The first thing you need to know about the inaugural Neck-Deep-Massive-Show is that they do not stop, ever, cramming twenty four songs into ninety minutes with barely a breath caught between songs to acknowledge that they’re in what vocalist Ben Barlow calls ‘Ally Fuckin Pally’. The other thing to realise is that they are incredibly organised, dividing their setlist into two or three song chunks which represent the main punk emotions like an anarchic version of ‘Inside Out’; political anger, introspection, romance, euphoria and Blink 182. The section that could be titled ‘Sad But Dealing With It’ is what gets the small but dedicated pit started. ‘Sort Yourself Out’ comes across more earnestly without the studio gloss, and ‘Lowlife’ acquires a grungy Offspring energy, its throwback absurdism exaggerated by Barlow’s rasping stretch. 

It’s the political instalment of Neck Deep’s set which provides a stark contrast to the rest. Silhouetted in red, Barlow takes a soapbox moment. “People are afraid to say what’s right and do what’s right. Fuck every CEO and corporation decimating poor and impoverished countries for their own gain. They don’t give a fuck about you. What’s happening in Palestine is one of the great crimes of our age,” he declares before launching into the frankly blinding ‘Need More Bricks’ that channels Anti-Flag at their most incendiary. ‘Don’t Wait’ follows with more riotous energy, all Fat Mike linguistic dark comedy with a sense of moving from their inner world to exterior concerns like they’re breaking their own script. It’s heavy handed and unsubtle but sometimes a message needs to be blunt to be effective. While it doesn’t get the pit flowing, the politics is arguably the most interesting part of Neck Deep’s show, raising the question about why they don’t fully lean into this aspect of their sound which they obviously excel at. 

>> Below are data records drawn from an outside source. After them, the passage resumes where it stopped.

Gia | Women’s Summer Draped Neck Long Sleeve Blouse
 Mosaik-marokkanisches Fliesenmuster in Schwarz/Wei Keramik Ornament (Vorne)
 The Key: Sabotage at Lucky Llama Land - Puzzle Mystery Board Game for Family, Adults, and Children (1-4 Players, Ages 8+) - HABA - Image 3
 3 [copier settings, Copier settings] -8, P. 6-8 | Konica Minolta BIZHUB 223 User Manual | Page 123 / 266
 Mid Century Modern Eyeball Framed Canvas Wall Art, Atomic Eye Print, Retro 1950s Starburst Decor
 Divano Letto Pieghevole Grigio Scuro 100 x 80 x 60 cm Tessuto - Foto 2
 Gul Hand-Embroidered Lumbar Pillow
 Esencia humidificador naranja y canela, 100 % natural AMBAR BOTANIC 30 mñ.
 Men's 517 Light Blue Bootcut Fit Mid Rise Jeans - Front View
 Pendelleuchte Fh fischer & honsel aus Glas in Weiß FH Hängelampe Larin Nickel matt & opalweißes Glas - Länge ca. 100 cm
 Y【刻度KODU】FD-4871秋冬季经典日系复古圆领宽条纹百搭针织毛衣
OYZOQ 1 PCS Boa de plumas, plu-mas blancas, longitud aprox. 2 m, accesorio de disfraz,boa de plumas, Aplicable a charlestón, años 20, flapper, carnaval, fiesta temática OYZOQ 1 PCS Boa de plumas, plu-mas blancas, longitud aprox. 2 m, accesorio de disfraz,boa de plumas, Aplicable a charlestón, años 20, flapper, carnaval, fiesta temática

“We can switch it up in a matter of seconds,” jokes Barlow. “Who here is in love?” The emotional whiplash by switching into ‘When You Know’ is mitigated by the passionate singalong which instantly transmits a sense of comfortable euphoria like the smell of freshly cut grass or a sitcom where the teens are played by actors in their thirties. ‘She’s A God’ comes across as the right mix of tender and a little naive, and lands right on target with the girls in the crowd. ‘What Did You Expect?’, the ‘first song we ever wrote’, begins the transition into the ‘Sounds Like Blink’ chapter and flows seamlessly into the whimsical ‘Take Me With You’. So many of us in the crowd have been following Neck Deep since they began and this pairing feels pleasantly cyclical. “We never thought that this song would do anything at all, it was just a cheesy love song and here we are all these years later, just playing this crappy love song…” grins Barlow, and there’s a tangible bursting of unresolved tension, a magnetic connection between us and them as ‘A Part Of Me’ opens. We fling the vocals back to Barlow and he opens his arms to bask in stained glass light. ‘We’ve got to end it on a big old singalong,” he smiles as a forest of phones grows like grass after rain to the opening chords of ‘December’ A crowd surfer holds up an unfurled umbrella and waves it just off time with the beat. Overwhelming achievement and satisfaction fill the air on this winner’s lap of a closer. 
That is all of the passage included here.